Best Video Game: Splatoon

This is the only competetive online game I have ever been good enough at for it to be fun. (Unless there is a snow day for most of the US. Then I can’t even get off the spawn point without getting splatted.)

Best Worst Youtube Video: https://youtu.be/ayq41-UJ7Cg

I mean just look at this net!

Best Webcomic: Kiwi Blitz

This was a tough category and I think I graded the heavy hitters too harshly. But Blitz is a plucky comic that has kept going through all sorts of adversity. By that I mean the creator Mary Cagle has kept going on it even though she has had all sorts of other things going on. Most comics like this end as the creators find the need to do other things. Blitz is a labor of love and it shows.

Best Me: Vernon.

If there was another person eligible in this category I’d like to meet them.

Well 2016 sure was something. Personally it has been pretty good. Being out of school has allowed me to think my own thoughts. Having a vacation from work has allowed me to examine my goals and priorities. I’ve been writing far more often. My midsingles ward feels like home and people know I exist.
The prevailing meme these last few months has been 2016 worst year. Yeah, there was a lot of awfulness.

Infighting among our super heroes.
We have lost so many real life legends.
I have lost friends and family.
Our two party system asked us to choose between the worst candidates.
Wars and terrorism burned daily across the planet.

The world have never been safe. 2016 was no different. People will do what we’ve always done, roll with the punches and pick up the pieces. The British “Keep Calm and Carry On” posters have been made fun of so much, but it is a much better policy than “Panic and Fall Apart.”

Heroes are redeemed, that’s how stories work.
There will always be room for new legends, we need to work to be them.
Making new friends doesn’t dishonor the old ones. Loving the family we still have doesn’t desert those not with us.
As always we need to oppose or support our elected officials at every turn. We still have a constitution.
I don’t know how to salve the world’s suffering.

The world is turning still, the sun still burns. We are moving forward whether it seems that way or not. We can make our worlds better. Complaining doesn’t save the world. Facebook isn’t a clear picture of it. You will find what you are looking for. If you look for the negative, it is there. The positive is also there. As for resolutions:

 

bentwook

So that’s a relief. My resolution was broken minutes into 2017. Actually I usually try to write 100 goals. They have to be crossoffable and are often books I want to read or artistic endeavors I want to work on. I usually don’t reach 100 and forget about it but still it is good to plan. Right now I’m sitting at 47. This year I’m going to keep those in the back of my notebook that I carry with me everywhere. If I fill that notebook then I’ll transfer the goals to the new notebook.
Another technique I have picked up is a weekly goal journal. You list three goals. The goals have to be measurable. Measurable is like: get to sleep by ten, write three blog posts, don’t eat ramen for every meal. Unmeasurable is like: be happy, exercise more(unless you track your exercise), be less vague. Every morning you look in the journal to remind yourself of your goals. Then every night you review your goals and write out how you did. The important thing with this goal journal is it not be an overlord. If you didn’t work on a particular goal that day just write that, no biggie.
Renewal is important. It prevents late fees and gives more breathing room. The important thing to remember is that if the rules you impose on yourself are hurting you you can break them.
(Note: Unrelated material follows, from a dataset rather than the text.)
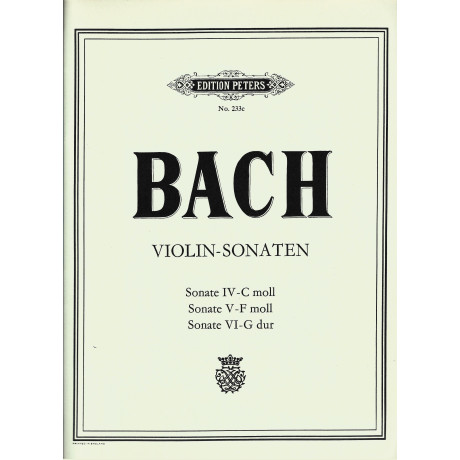 Bach - 6 Sonate per Violino e Piano Vol.2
One thing I find frustrating is adults who feel the need to apologize for their reading habits, whatever those habits are. Nearly everyone does it. “I don’t read as much as I should.” “I don’t read very fast.” “I don’t read anything important.” “I read too much.” My question is: who set these rules? Is there some reading authority out there telling people that reading is a competition? One must read the right books at the right speed in the proper amount. Is there an award for the person who most meets these guidelines? Are the judges secret so one might be talking to a judge at any time? Must we be ready at all times to give the proper answer or face serious consequences?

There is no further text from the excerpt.